Back to the moment of the meltdown. I was trying to concentrate on what the visiting computer technician was saying. Heaven knows I’d have trouble remembering his advice simply because it was technology related – and right then, our lad had to take his temper out on a beloved toy. I wasn’t game enough to see if he really hit it. I hoped it was something less significant than Sam’s van.
I was angry with him, so it was better to keep my distance. These beautiful toys cost money and he LOVED the blessed thing. What was he thinking? But there was no point in trying to determine why he was belting his toy when his anxiety was clearly through the roof.
Later, I asked him if he was two or twenty-seven because what he was doing gave people the impression he was ‘two’. Then I told him not to talk to me right then. I told him I was just too cross.
I can’t recall what script he was using when he was walloping.
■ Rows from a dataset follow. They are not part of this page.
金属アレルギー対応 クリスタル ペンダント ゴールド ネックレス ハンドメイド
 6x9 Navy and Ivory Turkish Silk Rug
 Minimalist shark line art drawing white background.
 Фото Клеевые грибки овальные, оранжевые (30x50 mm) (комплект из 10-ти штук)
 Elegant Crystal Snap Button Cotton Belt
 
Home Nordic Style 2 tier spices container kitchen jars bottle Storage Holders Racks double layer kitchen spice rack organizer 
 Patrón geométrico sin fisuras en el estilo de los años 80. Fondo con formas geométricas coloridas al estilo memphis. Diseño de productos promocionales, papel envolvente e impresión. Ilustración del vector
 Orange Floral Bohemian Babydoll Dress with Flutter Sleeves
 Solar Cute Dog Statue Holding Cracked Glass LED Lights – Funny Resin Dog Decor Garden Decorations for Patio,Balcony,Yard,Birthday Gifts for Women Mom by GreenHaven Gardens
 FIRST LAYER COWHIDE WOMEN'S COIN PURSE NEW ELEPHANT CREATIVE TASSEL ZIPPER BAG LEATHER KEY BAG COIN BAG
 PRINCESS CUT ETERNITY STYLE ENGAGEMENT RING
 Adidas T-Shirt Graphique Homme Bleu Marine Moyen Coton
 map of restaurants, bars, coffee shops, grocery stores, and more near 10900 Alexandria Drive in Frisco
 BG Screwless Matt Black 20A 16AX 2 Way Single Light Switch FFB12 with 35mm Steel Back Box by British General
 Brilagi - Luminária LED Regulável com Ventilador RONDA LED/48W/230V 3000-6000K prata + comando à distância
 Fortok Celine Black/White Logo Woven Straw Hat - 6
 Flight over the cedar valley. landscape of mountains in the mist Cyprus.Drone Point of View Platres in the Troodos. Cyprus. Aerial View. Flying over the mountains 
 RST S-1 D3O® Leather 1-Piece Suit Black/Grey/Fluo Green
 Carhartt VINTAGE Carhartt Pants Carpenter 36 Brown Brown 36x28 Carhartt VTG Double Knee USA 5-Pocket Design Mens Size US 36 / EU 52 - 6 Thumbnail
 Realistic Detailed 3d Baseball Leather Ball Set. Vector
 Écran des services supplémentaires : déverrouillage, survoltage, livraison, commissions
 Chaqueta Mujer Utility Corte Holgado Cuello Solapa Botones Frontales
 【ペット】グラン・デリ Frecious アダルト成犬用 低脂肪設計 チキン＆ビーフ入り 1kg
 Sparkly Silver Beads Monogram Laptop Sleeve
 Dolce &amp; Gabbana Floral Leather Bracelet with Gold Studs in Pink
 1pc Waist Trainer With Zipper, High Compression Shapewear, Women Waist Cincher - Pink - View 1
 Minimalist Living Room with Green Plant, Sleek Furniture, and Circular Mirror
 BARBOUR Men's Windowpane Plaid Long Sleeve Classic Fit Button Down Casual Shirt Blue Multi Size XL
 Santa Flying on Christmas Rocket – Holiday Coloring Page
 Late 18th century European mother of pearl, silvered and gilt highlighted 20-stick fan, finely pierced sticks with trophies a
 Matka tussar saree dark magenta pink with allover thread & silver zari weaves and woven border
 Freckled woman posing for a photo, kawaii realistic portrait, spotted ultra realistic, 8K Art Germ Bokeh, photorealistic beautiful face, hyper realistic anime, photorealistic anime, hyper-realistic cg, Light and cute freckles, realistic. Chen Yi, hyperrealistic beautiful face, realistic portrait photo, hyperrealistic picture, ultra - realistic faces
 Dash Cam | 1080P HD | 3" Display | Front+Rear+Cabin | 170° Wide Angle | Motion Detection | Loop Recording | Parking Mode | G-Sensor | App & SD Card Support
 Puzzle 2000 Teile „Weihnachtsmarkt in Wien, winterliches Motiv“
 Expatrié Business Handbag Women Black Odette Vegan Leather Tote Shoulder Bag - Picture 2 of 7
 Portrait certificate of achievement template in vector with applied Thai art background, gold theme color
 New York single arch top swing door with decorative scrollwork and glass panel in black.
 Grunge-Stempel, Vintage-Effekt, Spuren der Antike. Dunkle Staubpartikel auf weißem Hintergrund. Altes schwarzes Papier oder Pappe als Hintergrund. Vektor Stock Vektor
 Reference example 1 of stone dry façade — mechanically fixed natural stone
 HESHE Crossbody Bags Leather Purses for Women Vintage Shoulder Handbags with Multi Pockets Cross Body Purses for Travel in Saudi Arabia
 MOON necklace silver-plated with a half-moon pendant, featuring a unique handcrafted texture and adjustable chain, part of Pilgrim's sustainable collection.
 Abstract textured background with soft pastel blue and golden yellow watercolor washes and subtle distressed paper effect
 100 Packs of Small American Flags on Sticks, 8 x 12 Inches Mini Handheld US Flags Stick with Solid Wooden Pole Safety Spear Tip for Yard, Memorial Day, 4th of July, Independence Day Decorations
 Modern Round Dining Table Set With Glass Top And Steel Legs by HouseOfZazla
There are dozens of scripts in his woolly head. They go round and around and pop out just at the exact time they’re required.
- ‘Don’t you run away from me again, young lady,’
- ‘Get down from there, d’you hear?’
- ‘That’s it, don’t sit in the bus, go to your room, now,’
- ‘Silly old Gordon fell in a ditch, fell in a ditch.’
You’ve probably forgotten all those sentences, probably haven’t seen Monster’s Inc, Recess, Bridge to Terabithia or that specific episode of Thomas the Tank Engine and Friends for years;
- You probably couldn’t have told me whether you’d heard the words or not,
- or if you did remember hearing them, you probably don’t recall where you heard them,
- and if you recalled hearing them, you probably found those words no more significant than every other sentence in the film or programme they came from.
But they resonated with our lad for some inexplicable reason.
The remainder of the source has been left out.